Consistent Core
Maintain a smaller cluster providing stronger consistency to allow large
data cluster to coordinate server activities without implementing quorum based
algorithms.
Problem
Linearizability is
the strongest consistency guarantee where all the clients are guaranteed to see
latest committed updates to data. Providing linearizability along with fault
tolerance needs consensus algorithms
like Raft, Zab or Paxos to
be implemented on the servers.
While consensus algorithm is an essential requirement to implement a
Consistent Core, there are various aspects of client interaction - such as how
a client finds the leader, how duplicate requests are handled, etc - which are
important implementation decisions. There are also some important
implementation considerations regarding safety and liveness. Paxos defines only
the consensus algorithm, but these other implementation aspects are not well
documented in the Paxos literature. Raft very clearly documents various
implementation aspects, along with a reference implementation and
therefore is the most widely used algorithm today.

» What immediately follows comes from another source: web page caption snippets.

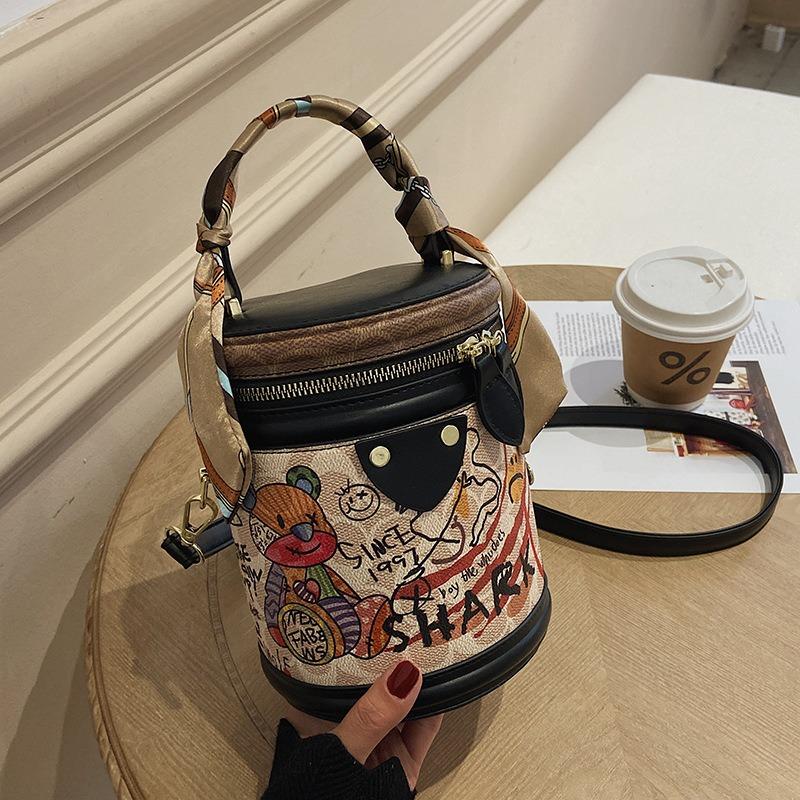 Bear Graffiti Bucket Bag New Cylinder Bag Niche Design Handbag Single Shoulder Messenger Women's Bag Small Bag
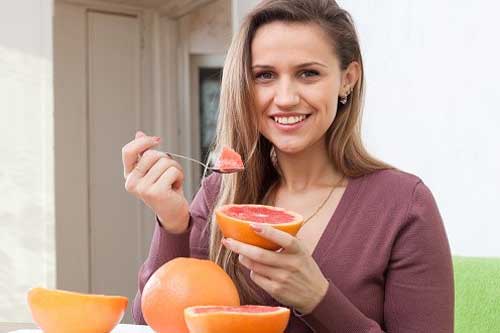 Ăn bưởi buổi sáng giảm cân nhanh hơn cả hút mỡ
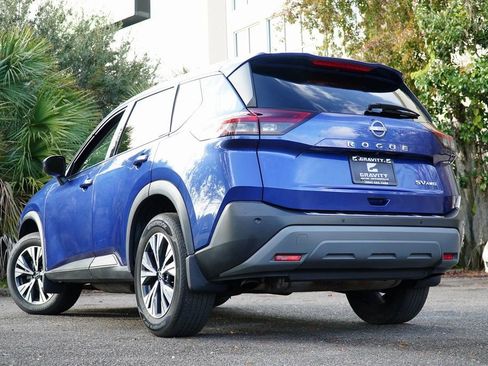 Used 2022 Nissan Rogue SV image 4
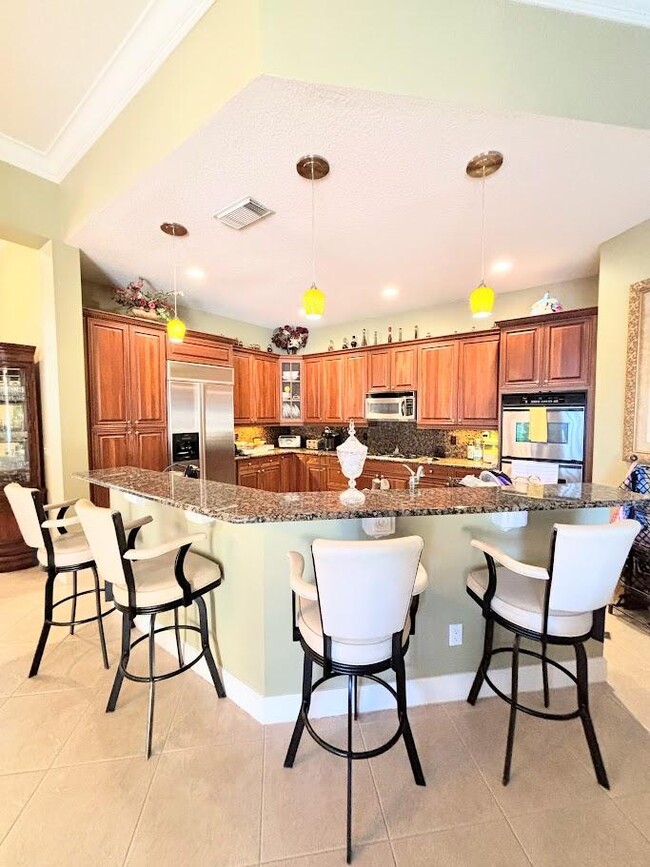 Building Photo - 855 SW Grand Reserves Blvd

When a cluster needs to handle a lot of data, it needs more and more
servers. For a cluster of servers, there are some common requirements, such as
selecting a specific server to be the master for a particular task, managing
group membership information, mapping of data partitions to the servers etc.
These requirements need strong consistency guarantee, namely linearizability.
The implementation also needs to be fault tolerant. A common approach is to use
a fault-tolerant consensus algorithms based on Quorum. But in
quorum-based systems throughput degrades with the size of the cluster.
Solution
Implement a smaller, 3 to 5 node cluster which provides linearizability
guarantee as well as fault tolerance. [1] A separate data
cluster can use the small consistent cluster to manage metadata and for taking
cluster wide decisions with primitives like Lease. This
way, the data cluster can grow to a large number of servers, but can still do
certain actions which need strong consistency guarantees using the smaller
metadata cluster.
Figure 1: Consistent Core
A typical interface of
consistent core looks like this:
public interface ConsistentCore {
CompletableFuture put(String key,
String value);
List<String> get(String
keyPrefix);
CompletableFuture
registerLease(String name, long ttl);
void refreshLease(String name);
void watch(String name,
Consumer<WatchEvent> watchCallback);
}
At the minimum,
Consistent Core provides a simple key value storage mechanism. It is used to
store metadata.
Metadata Storage
The storage is implemented using consensus algorithms such as Raft. It is
an example of Replicated Write Ahead Log implementation, where replication is
handled by Leader and Followers and High-Water Mark is
used to track the successful replication using Quorum
Supporting hierarchical storage
Consistent Core is
generally used to store data for things like: group membership or task
distribution across servers. A common usage pattern is to scope the type of
metadata with a prefix. e.g. for group membership, the keys will all be stored
like /servers/1, servers/2 etc. For tasks assigned to servers the keys can be
/tasks/task1, /tasks/task2. This data is generally read with all the keys with
a specific prefix. For example, to get information about all the servers in the
cluster, all the keys with prefix /servers are read.
An example usage is as
following:
The servers can
register themselves with the Consistent Core by creating their own key with
prefix /servers.
client1.setValue("/servers/1", "{address:192.168.199.10,
port:8000}");
client2.setValue("/servers/2", "{address:192.168.199.11,
port:8000}");
client3.setValue("/servers/3", "{address:192.168.199.12,
port:8000}");
The clients can then
get to know about all the servers in the cluster by reading with key prefix
/servers as following:
assertEquals(client1.getValue("/servers"),
Arrays.asList("{address:192.168.199.12, port:8000}",
"{address:192.168.199.11, port:8000}",
"{address:192.168.199.10, port:8000}"));
Because of this hierarchical nature of data storage, products like [zookeeper], [chubby] provide a
file system like interface, where users create directories and files, or nodes,
with the concept of parent and child nodes. [etcd3] has a flat
key space with the ability to get a range of keys.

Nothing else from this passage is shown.